Today I've been researching the death sentence in the united states and I've come across some thing that has made me turn cold. In GW Bush's five years as Governor of Texas, there were 131 executions. The highest number in the united states. During this time there was only 1 prisoner was granted a commuting of sentence (that from death to life in prison). And that came about at the same time he was running for president AND it was proven in the media that even though this man had confessed to the murder he wasn't even in the same state at the time of it.
In his list of conquests, Bush has executed a man who committed a crime when he was 16 (a juvenile and is prohibited under international law), a mentally handicapped man, and a woman who had so clearly changed her jailers requested a commuting of her sentence. All of these people are dead now. and if that isn't enough to cause you to pause, maybe this is.

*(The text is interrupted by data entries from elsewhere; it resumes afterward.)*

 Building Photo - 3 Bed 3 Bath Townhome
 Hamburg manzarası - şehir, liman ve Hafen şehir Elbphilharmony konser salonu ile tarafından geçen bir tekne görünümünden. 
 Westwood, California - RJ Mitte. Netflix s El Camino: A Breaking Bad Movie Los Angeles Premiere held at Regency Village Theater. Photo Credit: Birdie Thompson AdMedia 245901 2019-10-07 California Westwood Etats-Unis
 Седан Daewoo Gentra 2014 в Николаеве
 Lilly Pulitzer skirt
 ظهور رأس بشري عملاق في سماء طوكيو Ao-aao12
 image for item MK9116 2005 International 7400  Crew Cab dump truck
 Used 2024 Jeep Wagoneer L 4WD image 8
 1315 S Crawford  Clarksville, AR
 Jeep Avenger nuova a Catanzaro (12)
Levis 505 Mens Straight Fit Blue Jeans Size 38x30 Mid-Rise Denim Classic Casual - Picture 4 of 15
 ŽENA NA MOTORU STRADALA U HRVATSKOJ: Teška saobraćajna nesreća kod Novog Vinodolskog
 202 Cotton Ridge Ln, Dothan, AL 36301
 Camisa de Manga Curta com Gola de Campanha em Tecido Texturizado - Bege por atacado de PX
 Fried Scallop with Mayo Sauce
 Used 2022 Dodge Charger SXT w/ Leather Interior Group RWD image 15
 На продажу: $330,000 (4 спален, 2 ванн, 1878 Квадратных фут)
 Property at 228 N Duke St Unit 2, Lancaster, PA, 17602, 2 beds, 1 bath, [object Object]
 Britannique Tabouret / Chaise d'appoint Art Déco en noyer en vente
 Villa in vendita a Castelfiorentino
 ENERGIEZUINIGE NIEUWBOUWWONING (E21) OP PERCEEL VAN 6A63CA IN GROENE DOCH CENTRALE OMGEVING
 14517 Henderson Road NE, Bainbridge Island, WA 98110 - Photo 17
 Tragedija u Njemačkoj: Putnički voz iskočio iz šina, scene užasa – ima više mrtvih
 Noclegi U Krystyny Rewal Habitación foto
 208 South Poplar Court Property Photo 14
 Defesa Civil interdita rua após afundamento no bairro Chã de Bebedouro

In the weeks before the execution, Bush says, a number of protesters came to Austin to demand clemency for Karla Faye Tucker. "Did you meet with any of them?" I ask. Bush whips around and stares at me. "No, I didn't meet with any of them", he snaps, as though I've just asked the dumbest, most offensive question ever posed. "I didn't meet with Larry King either when he came down for it. I watched his interview with Tucker, though. He asked her real difficult questions like, 'What would you say to Governor Bush?'" "What was her answer?" I wonder. "'Please,'" Bush whimpers, his lips pursed in mock desperation, "'don't kill me.'" I must look shocked — ridiculing the pleas of a condemned prisoner who has since been executed seems odd and cruel — because he immediately stops smirking.taken from Talk Magazine (September 1999, p. 106).
Perhaps what makes me the most angry is the article that conducted research into the legal system in Texas. It found that those being tried were not being adequately represented. Out of the 131 people sentenced to death, one third of all defence lawyers were later sacked for being bad lawyers. In 40 cases defence lawyers presented no evidence.
In case your saying that all this sounds sad, but these were criminals and deserved what they got, well, they may not have been criminals. Without adequate lawyers to help defend them, they were railroaded to meet a quota. Is this really the sort of legal system we want to support?